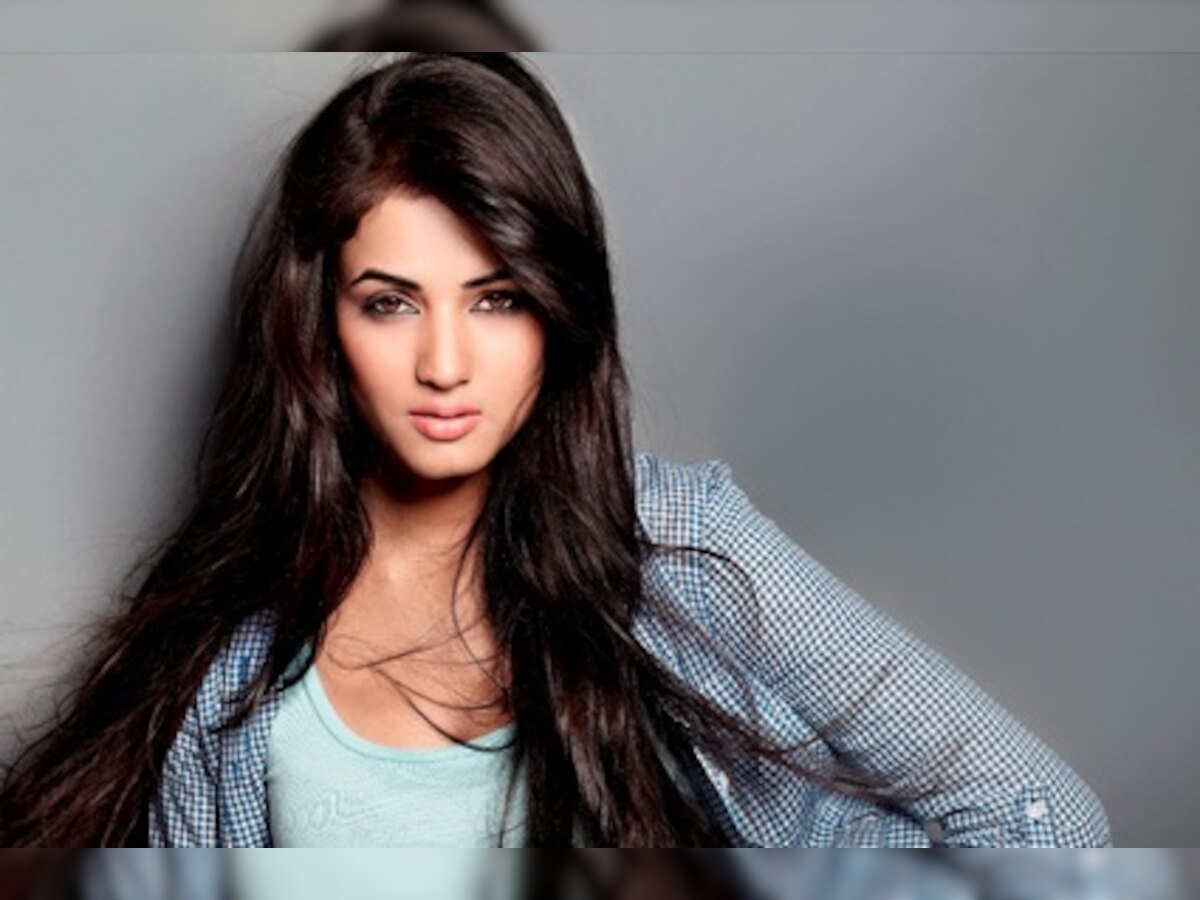 Sonal Chauhan dating this yet-to-debut starkid?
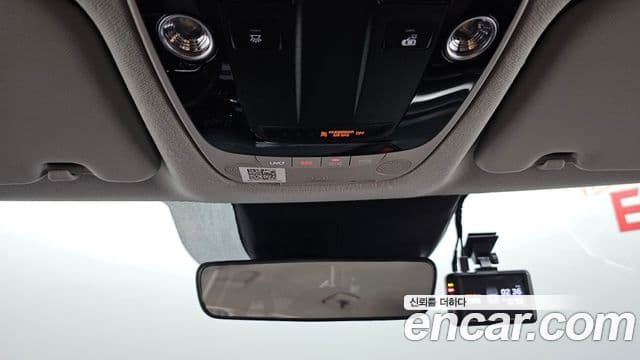 Kia Seltos 2021 — Şəkil 18/20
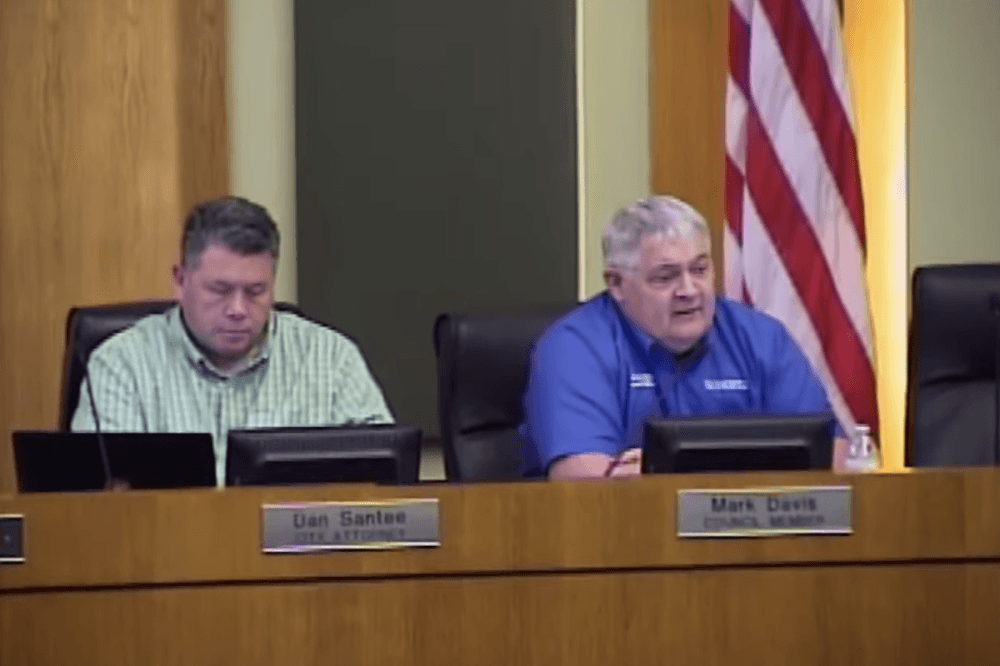 Schertz City Council approves resolution with intention to issue over $19 million in bonds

• **What this task involves**: Word for word, reproduce all of the data, but keep out the pictures.

• **Solution to this task**:
 Sonal Chauhan dating this yet-to-debut starkid?
 Kia Seltos 2021 — Şəkil 18/20
 Schertz City Council approves resolution with intention to issue over $19 million in bonds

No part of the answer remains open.